ACTIVITY:
Only lines with the word "room" belong in the answer; copy them from the records below.

(Collected data entries)
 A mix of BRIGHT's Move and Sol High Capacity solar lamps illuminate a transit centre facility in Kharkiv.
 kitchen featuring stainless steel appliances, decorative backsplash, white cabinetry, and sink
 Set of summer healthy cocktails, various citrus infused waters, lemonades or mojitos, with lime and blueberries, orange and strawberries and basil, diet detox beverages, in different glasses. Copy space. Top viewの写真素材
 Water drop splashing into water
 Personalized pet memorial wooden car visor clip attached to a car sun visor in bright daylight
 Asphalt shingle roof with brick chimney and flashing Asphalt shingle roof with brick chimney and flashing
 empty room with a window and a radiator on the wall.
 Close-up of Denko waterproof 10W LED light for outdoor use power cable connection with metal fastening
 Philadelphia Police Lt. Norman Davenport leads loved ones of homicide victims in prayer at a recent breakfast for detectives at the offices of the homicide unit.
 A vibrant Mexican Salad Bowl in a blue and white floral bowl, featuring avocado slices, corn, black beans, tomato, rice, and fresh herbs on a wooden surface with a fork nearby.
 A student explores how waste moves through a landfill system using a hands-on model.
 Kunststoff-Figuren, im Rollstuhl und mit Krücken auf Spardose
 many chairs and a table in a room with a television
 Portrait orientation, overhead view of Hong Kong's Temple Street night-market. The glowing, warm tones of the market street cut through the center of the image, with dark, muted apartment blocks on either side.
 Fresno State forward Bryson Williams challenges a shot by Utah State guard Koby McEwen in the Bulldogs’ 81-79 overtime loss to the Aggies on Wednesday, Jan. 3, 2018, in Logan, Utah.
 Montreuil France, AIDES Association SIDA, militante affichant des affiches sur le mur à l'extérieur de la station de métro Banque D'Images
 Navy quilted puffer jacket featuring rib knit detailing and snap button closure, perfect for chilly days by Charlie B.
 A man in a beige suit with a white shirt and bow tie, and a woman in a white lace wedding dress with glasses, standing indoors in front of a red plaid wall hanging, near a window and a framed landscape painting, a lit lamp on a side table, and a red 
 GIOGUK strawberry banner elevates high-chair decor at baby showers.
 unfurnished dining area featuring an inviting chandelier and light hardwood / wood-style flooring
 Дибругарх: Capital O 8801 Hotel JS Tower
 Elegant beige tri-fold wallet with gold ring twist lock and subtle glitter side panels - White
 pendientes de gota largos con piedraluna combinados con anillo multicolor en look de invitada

WRITTEN REPLY:
 empty room with a window and a radiator on the wall.
 many chairs and a table in a room with a television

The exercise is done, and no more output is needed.